Category,Questions,Day 2 Baseline,Granite 8B + LoRA,Granite 2B,Phi-3 Mini,Qwen2.5 3B
explicit_rule,"q01, q09",2/2,2/2,2/2,2/2,2/2
implicit_reasoning,"q03, q08, q10",3/3,2/3,3/3,2/3,3/3
multi_step_rule,q05,1/1,1/1,1/1,1/1,1/1
table_lookup,"q04, q06",0/2,2/2,2/2,2/2,2/2
terminology,"q02, q07",0/2,1/2,1/2,1/2,1/2


## 4.20 Interpretation

### What the results show

**Model Size Matters for Standalone Knowledge:**
In Mode 1 (no RAG), the Granite 8B scored 5/10 despite using a 40x lower learning rate (5e-6 vs 2e-4) than the three smaller models (4/10, 2/10, 3/10). The larger model's pre-training knowledge gave it a baseline advantage that a higher learning rate on 8 training examples could not overcome. This suggests that for narrow-domain SFT with minimal data, model size provides a knowledge floor that hyperparameter tuning alone cannot replicate.

**RAG Is the Great Equalizer:**
In Mode 2 (with RAG), all four models converged to nearly identical scores: 8/10, 9/10, 8/10, 9/10. The size advantage that Granite 8B held in Mode 1 disappeared once retrieved context was provided. This is the most actionable finding: when RAG is available, what matters is the model's ability to extract answers from provided text, not how much it memorized during pre-training. Smaller models did this just as well as the larger one.

**RAG Lift:**
The smaller models showed larger RAG lifts (Granite 2B: +5, Phi-3 Mini: +6, Qwen2.5 3B: +6) compared to Granite 8B (+3). This is consistent: the smaller models had less built-in knowledge to start with, so they gained more from external context. The 8B model gained less because it was already answering some questions correctly from its weights alone.

**Inference Speed:**
The smaller models were 4-10x faster at inference. Granite 8B took over 5 minutes for 10 questions without context, while the 2-3B models completed the same task in 30-70 seconds. With RAG context, the gap narrowed but persisted. In a production deployment, this speed difference compounds: lower latency per request, higher throughput, and lower GPU cost at scale.

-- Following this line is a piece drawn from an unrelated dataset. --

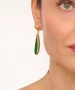 Kiraz Green Enameled Gold Plated Earring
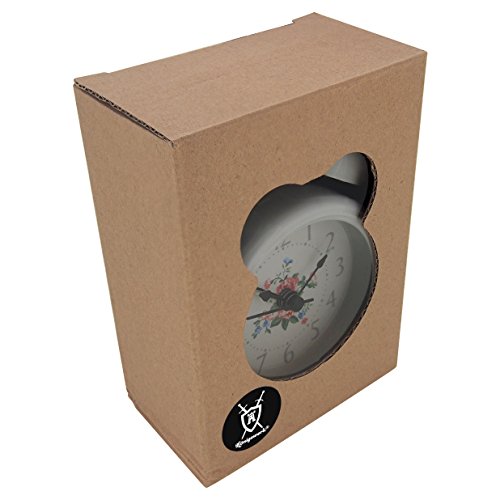 Königswerk Doppelglocken-Wecker mit Nachlicht, geräuschloser Betrieb, Quarzuhrwerk, analog, 7,6 cm – weiß - 5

**Customer Implications:**
- When RAG is always available, smaller models deliver comparable accuracy at significantly lower cost and latency — this is the strongest signal in the data
- If the domain requires standalone knowledge without retrieval, larger models justify their cost through better baseline performance
- The learning rate difference (5e-6 vs 2e-4) is a confound — the 8B model's Mode 1 advantage could widen or narrow with a higher learning rate, and a fair head-to-head would use the same LR across all models
- With only 8 training examples, all conclusions should be treated as preliminary indicators, not production benchmarks

In [13]:
gc.collect()
torch.cuda.empty_cache()
print(f"Final GPU memory: {torch.cuda.memory_allocated() / 1e9:.1f} GB")
print("\nCross-architecture evaluation complete.")

Final GPU memory: 6.2 GB

Cross-architecture evaluation complete.